* **The problem**: Your task is to copy the stretch of lines in the records below that begins with the line containing "Sugar bubble druzy, pink" and ends with the line containing "1 Roll of Antique", exactly as written, with nothing added.

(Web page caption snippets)
= Beginning of Section =

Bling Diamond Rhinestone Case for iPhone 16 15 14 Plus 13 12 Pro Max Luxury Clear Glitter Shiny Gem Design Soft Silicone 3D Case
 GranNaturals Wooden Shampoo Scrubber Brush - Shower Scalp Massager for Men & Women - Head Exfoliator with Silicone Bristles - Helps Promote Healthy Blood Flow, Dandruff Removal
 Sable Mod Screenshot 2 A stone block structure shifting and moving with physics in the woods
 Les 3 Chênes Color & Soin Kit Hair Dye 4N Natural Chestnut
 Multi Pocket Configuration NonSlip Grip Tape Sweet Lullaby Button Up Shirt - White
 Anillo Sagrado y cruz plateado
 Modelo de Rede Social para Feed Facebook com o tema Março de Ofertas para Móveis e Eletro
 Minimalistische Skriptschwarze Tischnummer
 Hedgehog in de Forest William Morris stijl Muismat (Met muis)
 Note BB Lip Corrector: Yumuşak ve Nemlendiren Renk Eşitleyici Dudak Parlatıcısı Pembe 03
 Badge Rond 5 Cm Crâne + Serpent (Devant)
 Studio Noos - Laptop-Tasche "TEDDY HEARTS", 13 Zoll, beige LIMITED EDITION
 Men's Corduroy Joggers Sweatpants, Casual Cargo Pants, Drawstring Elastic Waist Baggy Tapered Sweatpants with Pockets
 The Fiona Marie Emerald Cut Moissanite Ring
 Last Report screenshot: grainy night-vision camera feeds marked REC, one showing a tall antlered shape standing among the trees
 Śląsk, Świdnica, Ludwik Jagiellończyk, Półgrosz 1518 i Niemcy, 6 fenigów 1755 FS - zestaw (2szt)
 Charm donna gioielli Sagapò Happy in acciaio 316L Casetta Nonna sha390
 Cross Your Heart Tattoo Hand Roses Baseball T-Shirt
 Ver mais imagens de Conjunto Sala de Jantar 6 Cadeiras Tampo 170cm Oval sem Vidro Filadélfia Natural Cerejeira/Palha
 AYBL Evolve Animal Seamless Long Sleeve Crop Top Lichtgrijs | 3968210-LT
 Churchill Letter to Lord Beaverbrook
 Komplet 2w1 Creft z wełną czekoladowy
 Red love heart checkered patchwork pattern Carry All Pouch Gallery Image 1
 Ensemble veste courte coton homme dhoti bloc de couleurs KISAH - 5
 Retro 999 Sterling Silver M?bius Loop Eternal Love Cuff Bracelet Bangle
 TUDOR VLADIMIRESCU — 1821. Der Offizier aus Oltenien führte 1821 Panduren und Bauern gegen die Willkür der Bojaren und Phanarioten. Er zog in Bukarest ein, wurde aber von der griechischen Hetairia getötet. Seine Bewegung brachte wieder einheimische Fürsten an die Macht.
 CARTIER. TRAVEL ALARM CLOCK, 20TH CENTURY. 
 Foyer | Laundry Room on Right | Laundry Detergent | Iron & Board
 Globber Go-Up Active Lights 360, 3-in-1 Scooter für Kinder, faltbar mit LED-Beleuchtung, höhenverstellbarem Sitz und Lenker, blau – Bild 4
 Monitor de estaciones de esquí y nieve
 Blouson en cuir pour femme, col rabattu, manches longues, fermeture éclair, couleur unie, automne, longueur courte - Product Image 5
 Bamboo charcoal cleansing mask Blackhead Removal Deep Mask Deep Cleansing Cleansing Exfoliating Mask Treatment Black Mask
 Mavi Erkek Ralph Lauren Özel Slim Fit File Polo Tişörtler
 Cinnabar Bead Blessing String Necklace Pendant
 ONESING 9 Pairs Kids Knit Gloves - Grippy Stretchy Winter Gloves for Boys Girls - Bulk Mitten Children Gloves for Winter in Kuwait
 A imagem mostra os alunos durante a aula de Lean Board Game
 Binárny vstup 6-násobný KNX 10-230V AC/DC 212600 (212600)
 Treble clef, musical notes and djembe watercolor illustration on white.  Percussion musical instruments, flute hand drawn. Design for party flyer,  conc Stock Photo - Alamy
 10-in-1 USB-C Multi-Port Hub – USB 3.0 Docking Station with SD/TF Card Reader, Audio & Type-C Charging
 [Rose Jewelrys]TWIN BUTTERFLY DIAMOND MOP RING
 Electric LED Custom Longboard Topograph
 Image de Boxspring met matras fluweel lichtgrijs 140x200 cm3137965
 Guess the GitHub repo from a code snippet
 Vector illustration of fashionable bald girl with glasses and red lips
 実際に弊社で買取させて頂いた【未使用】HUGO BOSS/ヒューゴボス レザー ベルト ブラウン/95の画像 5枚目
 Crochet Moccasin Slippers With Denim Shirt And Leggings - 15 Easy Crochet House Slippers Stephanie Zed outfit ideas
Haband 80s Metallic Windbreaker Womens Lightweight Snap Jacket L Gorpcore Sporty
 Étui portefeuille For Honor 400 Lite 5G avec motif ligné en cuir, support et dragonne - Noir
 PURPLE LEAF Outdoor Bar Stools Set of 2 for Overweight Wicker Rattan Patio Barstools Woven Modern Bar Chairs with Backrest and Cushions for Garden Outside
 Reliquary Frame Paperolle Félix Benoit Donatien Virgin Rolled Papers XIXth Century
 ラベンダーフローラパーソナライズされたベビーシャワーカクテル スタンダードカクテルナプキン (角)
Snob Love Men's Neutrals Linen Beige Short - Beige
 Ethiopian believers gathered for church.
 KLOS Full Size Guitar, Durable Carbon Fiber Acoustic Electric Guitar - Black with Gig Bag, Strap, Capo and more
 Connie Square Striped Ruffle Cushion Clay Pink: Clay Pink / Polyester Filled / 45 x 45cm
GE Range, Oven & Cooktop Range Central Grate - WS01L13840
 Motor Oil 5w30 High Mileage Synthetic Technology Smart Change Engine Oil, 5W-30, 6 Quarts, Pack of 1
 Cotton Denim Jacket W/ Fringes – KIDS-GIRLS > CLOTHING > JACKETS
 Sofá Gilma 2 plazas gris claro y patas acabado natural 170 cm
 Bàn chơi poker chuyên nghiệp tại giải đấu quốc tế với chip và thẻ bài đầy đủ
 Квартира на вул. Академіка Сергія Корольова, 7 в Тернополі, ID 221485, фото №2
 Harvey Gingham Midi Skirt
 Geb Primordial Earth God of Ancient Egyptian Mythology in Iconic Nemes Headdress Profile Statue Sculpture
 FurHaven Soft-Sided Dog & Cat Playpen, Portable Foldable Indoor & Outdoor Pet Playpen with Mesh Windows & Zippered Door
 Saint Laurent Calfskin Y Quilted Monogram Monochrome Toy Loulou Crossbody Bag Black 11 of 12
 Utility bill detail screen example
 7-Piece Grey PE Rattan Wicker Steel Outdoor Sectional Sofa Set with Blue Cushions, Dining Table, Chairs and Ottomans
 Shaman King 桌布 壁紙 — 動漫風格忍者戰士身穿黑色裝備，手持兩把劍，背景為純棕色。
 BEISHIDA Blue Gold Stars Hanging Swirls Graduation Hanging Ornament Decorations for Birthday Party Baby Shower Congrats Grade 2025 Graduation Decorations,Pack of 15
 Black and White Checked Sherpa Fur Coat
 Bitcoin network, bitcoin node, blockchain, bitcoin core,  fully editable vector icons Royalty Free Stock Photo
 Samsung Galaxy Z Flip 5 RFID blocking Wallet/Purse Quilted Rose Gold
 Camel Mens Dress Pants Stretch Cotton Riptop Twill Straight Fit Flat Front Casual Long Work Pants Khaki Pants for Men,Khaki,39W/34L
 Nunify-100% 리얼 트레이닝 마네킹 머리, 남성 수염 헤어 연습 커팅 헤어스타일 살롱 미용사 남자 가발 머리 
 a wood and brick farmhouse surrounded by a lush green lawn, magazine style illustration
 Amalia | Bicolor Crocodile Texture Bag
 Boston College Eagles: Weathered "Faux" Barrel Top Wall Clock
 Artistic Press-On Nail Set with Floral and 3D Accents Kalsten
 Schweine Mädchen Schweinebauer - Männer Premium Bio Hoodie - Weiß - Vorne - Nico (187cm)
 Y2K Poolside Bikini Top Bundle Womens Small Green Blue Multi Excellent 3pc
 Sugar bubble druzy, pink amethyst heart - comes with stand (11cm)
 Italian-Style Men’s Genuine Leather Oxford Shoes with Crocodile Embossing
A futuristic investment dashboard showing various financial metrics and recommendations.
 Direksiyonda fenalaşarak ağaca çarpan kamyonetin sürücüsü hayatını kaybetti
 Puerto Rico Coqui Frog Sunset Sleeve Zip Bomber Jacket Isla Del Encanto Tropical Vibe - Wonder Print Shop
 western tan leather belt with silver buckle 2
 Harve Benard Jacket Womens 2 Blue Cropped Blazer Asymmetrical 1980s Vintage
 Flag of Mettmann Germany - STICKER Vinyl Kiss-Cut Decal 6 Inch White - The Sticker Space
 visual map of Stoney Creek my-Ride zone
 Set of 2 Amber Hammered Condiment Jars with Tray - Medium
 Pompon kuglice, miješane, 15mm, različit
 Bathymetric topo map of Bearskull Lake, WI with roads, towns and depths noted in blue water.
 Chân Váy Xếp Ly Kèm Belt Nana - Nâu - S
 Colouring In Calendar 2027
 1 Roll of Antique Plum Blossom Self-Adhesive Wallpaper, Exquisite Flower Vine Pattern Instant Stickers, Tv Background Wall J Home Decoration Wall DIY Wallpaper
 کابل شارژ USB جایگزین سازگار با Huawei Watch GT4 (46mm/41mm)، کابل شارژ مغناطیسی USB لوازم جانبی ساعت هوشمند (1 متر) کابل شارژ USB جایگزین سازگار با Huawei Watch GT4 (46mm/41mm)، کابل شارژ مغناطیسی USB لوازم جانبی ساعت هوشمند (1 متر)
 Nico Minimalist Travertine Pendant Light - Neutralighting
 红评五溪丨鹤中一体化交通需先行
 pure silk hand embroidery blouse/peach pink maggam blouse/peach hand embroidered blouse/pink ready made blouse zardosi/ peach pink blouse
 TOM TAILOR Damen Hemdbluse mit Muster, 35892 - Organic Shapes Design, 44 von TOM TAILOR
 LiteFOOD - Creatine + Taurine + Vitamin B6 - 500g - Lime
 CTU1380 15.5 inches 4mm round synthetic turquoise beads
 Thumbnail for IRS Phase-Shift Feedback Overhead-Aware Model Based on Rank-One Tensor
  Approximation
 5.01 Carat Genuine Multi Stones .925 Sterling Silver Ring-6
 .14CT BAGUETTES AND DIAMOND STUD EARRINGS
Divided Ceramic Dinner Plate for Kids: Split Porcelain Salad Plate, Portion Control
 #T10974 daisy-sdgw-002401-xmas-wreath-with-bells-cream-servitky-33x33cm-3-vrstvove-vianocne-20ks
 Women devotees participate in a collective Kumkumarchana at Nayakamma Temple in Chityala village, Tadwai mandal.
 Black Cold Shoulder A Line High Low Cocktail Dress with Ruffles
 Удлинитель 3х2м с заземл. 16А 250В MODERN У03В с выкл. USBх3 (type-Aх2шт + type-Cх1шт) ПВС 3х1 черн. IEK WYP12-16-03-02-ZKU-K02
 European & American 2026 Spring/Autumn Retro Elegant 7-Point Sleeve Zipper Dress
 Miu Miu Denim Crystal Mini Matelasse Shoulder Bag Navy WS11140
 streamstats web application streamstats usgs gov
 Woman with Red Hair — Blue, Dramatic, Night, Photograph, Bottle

= End of Section =

* **Solution for this exercise**:
 Sugar bubble druzy, pink amethyst heart - comes with stand (11cm)
 Italian-Style Men’s Genuine Leather Oxford Shoes with Crocodile Embossing
A futuristic investment dashboard showing various financial metrics and recommendations.
 Direksiyonda fenalaşarak ağaca çarpan kamyonetin sürücüsü hayatını kaybetti
 Puerto Rico Coqui Frog Sunset Sleeve Zip Bomber Jacket Isla Del Encanto Tropical Vibe - Wonder Print Shop
 western tan leather belt with silver buckle 2
 Harve Benard Jacket Womens 2 Blue Cropped Blazer Asymmetrical 1980s Vintage
 Flag of Mettmann Germany - STICKER Vinyl Kiss-Cut Decal 6 Inch White - The Sticker Space
 visual map of Stoney Creek my-Ride zone
 Set of 2 Amber Hammered Condiment Jars with Tray - Medium
 Pompon kuglice, miješane, 15mm, različit
 Bathymetric topo map of Bearskull Lake, WI with roads, towns and depths noted in blue water.
 Chân Váy Xếp Ly Kèm Belt Nana - Nâu - S
 Colouring In Calendar 2027
 1 Roll of Antique Plum Blossom Self-Adhesive Wallpaper, Exquisite Flower Vine Pattern Instant Stickers, Tv Background Wall J Home Decoration Wall DIY Wallpaper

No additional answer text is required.